**WORK REQUEST**. Retype word for word the line containing "Outlet ✔️ Anne" and each line that follows it in the records below, through the last one, with no pictures.

Short descriptive text snippets
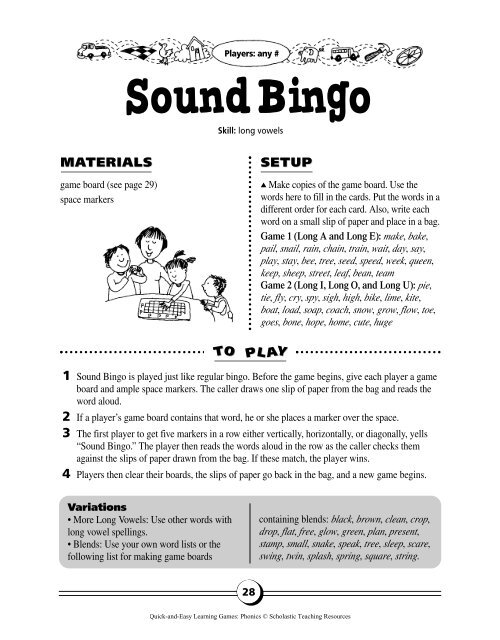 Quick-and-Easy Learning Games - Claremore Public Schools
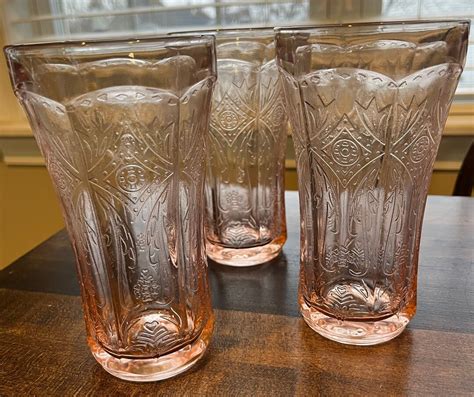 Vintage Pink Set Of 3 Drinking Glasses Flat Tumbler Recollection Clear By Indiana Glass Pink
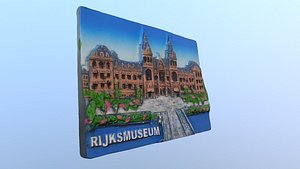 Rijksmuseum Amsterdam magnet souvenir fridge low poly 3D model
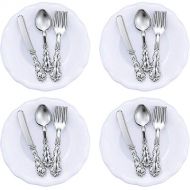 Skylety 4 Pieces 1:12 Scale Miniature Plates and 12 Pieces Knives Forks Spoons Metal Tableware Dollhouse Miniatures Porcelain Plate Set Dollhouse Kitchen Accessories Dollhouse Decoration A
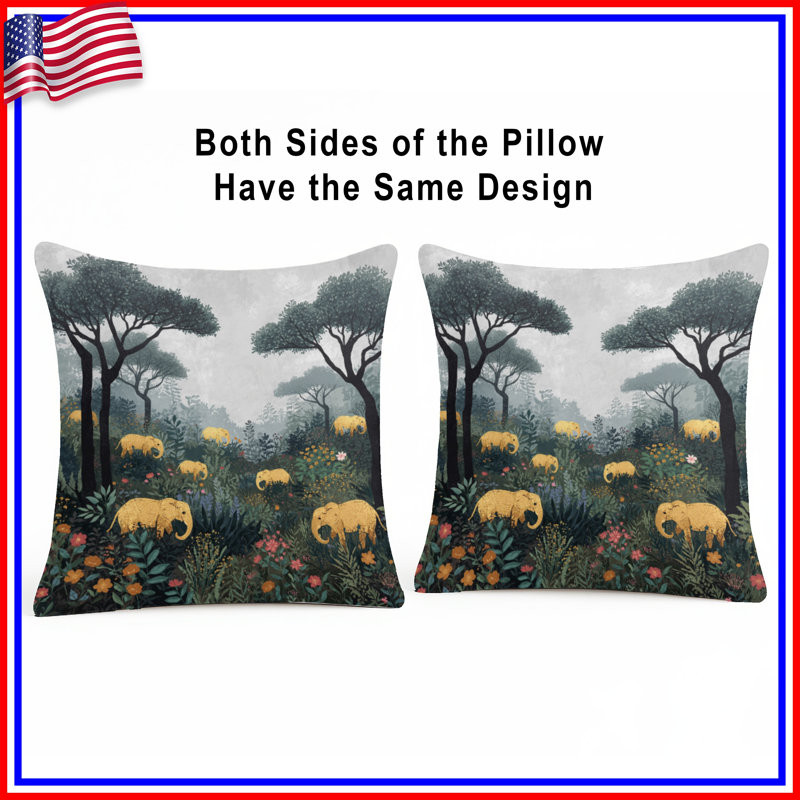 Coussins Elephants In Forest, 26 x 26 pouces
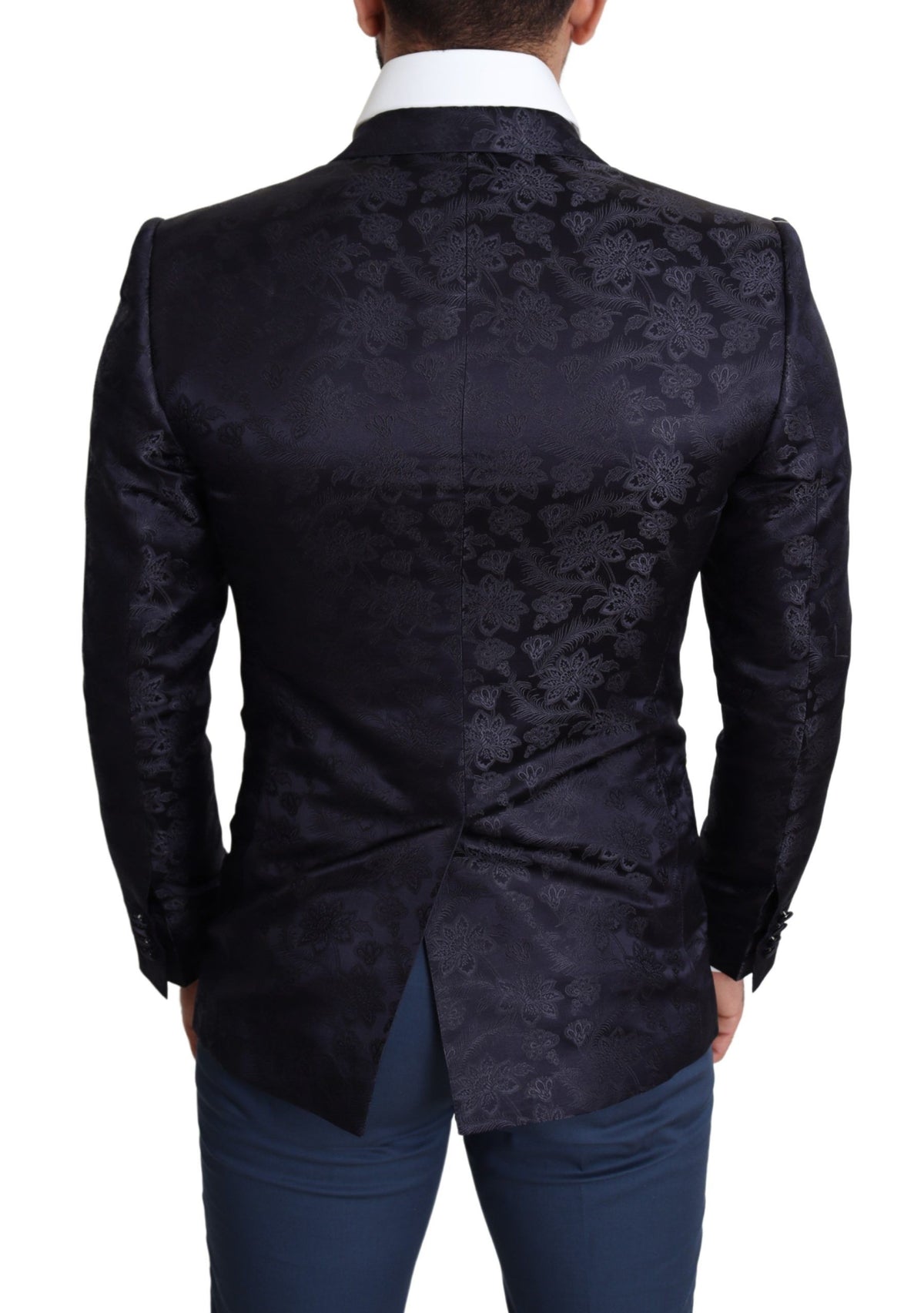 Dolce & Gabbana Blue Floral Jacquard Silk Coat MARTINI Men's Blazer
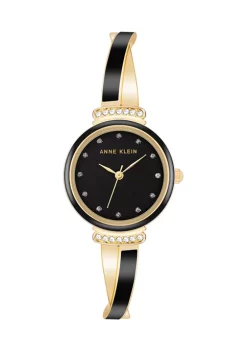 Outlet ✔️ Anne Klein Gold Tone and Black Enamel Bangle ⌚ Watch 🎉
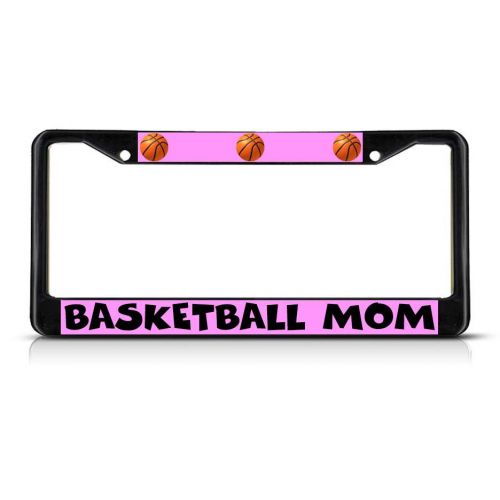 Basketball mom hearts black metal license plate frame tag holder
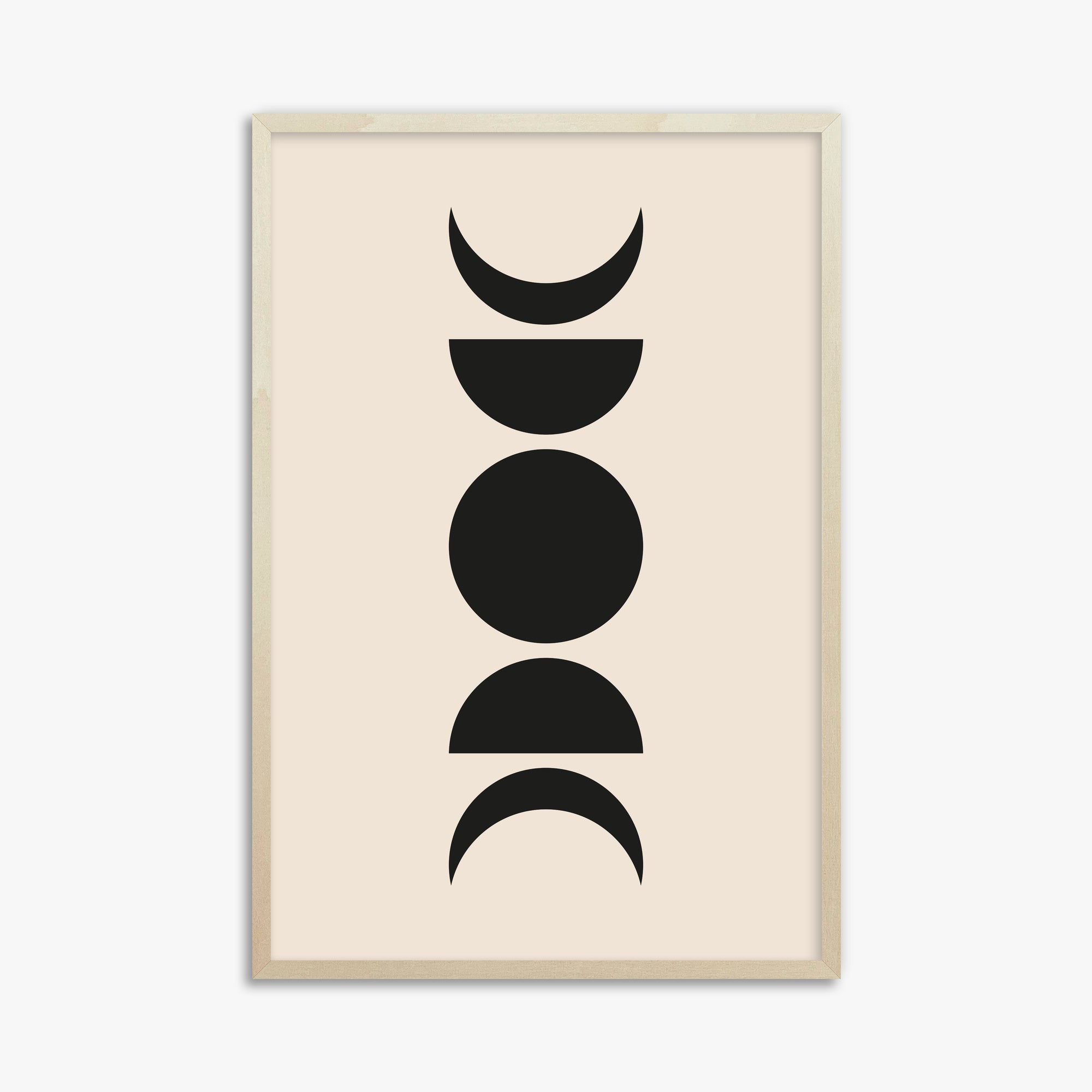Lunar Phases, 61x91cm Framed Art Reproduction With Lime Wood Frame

**ANSWER TO THIS TASK**.
 Outlet ✔️ Anne Klein Gold Tone and Black Enamel Bangle ⌚ Watch 🎉
 Basketball mom hearts black metal license plate frame tag holder
Lunar Phases, 61x91cm Framed Art Reproduction With Lime Wood Frame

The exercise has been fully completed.